→ **RECORD EXTRACTS**
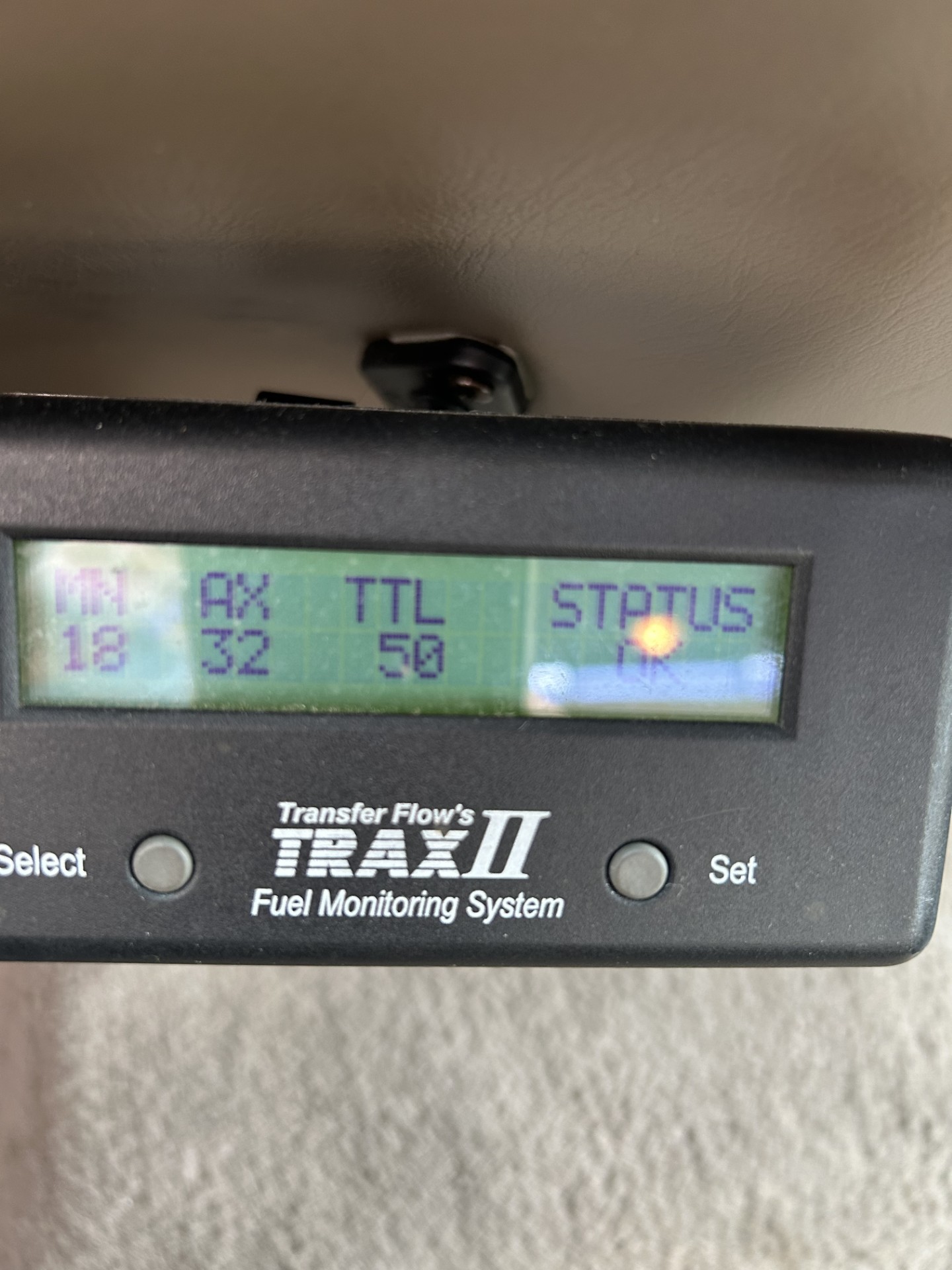 2000 Ford F350 Long Bed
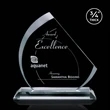 Nantucket Award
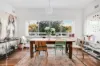 5/2-8 Ramsgate Avenue, Bondi Beach, NSW 2026-Image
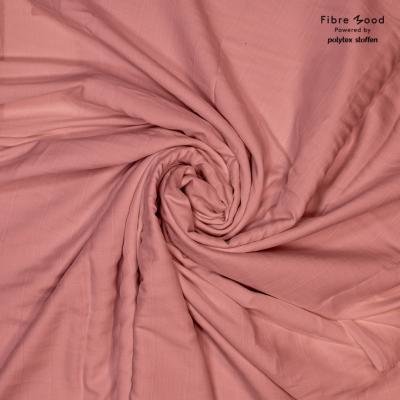 edith rood bleek - tencel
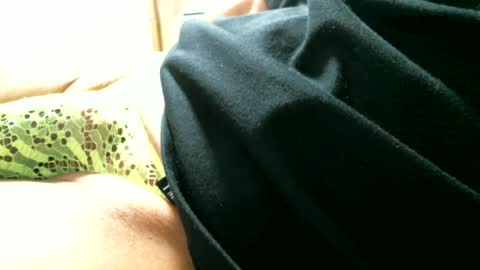 onanii21 online show from 06/18/26, 08:57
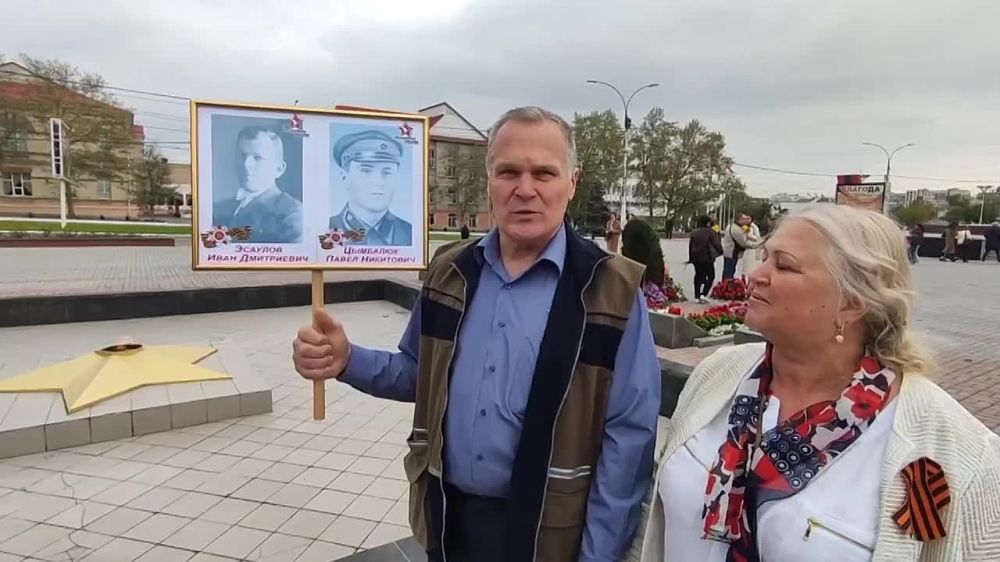 ����� ���������� �������. ��� ��� ��� � �������� ����������� ������, �������� � 44-� ����. ����� ����� �� ���� ������� �������, �� ���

→ **WHAT YOU WILL DO**
When a picture appears among the entries, skip it; transcribe everything else exactly.

→ **EXERCISE OUTPUT**
 2000 Ford F350 Long Bed
 Nantucket Award
 5/2-8 Ramsgate Avenue, Bondi Beach, NSW 2026-Image
 edith rood bleek - tencel
 onanii21 online show from 06/18/26, 08:57
 ����� ���������� �������. ��� ��� ��� � �������� ����������� ������, �������� � 44-� ����. ����� ����� �� ���� ������� �������, �� ���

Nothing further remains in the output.